From Delaware Online
Goldman Sachs’ expansion into retail lending is bringing a sliver of the investment bank’s operations into the credit card hot spot of Delaware.
Officials at the storied 150-year-old bank said they are securing a temporary lease for offices along the Wilmington Riverfront to house the company’s initial set of Delaware hires, estimated at 25 to 50 people.
The company plans to employ about 150 people in Wilmington at the end of next year, said Chantal Garcia, chief operating officer for Goldman Sachs’ Consumer Business.
Garcia declined to disclose the exact location of their initial office along the Riverfront, but noted it would be a small space. Later, the company will move to more expansive offices, she said.
“We have not yet determined … our long-term location, in part, because there are potential other businesses or partners within the firm that may be interested in co-locating with us,” Garcia said, noting that compliance operations might also expand into Delaware.

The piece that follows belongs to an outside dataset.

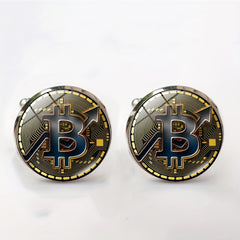 Bitcoin Round Metal Cufflinks for Men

The news is certain to be welcomed by city and state officials, who have poured hundreds of millions of dollars over 25 years into a transformation of the Riverfront, once a declining industrial area.
While today it features modern offices, apartments and restaurants, the revitalization of the city’s overall core has been plagued in recent years by a roller coaster of restructuring within the financial services industry.
Last year, the British bank Barclays moved 500 Riverfront jobs to New Jersey.
In June, Delaware officials announced plans to give the bank $2.5 million in taxpayer grants to create another 300 jobs in Wilmington.
Garcia said Goldman Sachs last week began conversations with the state’s private economic development agency about potential incentives.
She said Goldman Sachs is committed to Delaware, whether or not it receives taxpayer grants. She noted the company already has extended offers to a portion of what will be its new Delaware workforce.
Goldman Sachs’ officials chose Delaware over locations in Texas, Utah and Illinois, Garcia said, because of the state’s substantial pool of finance workers, its relatively low cost of living and its proximity to the bank’s headquarters.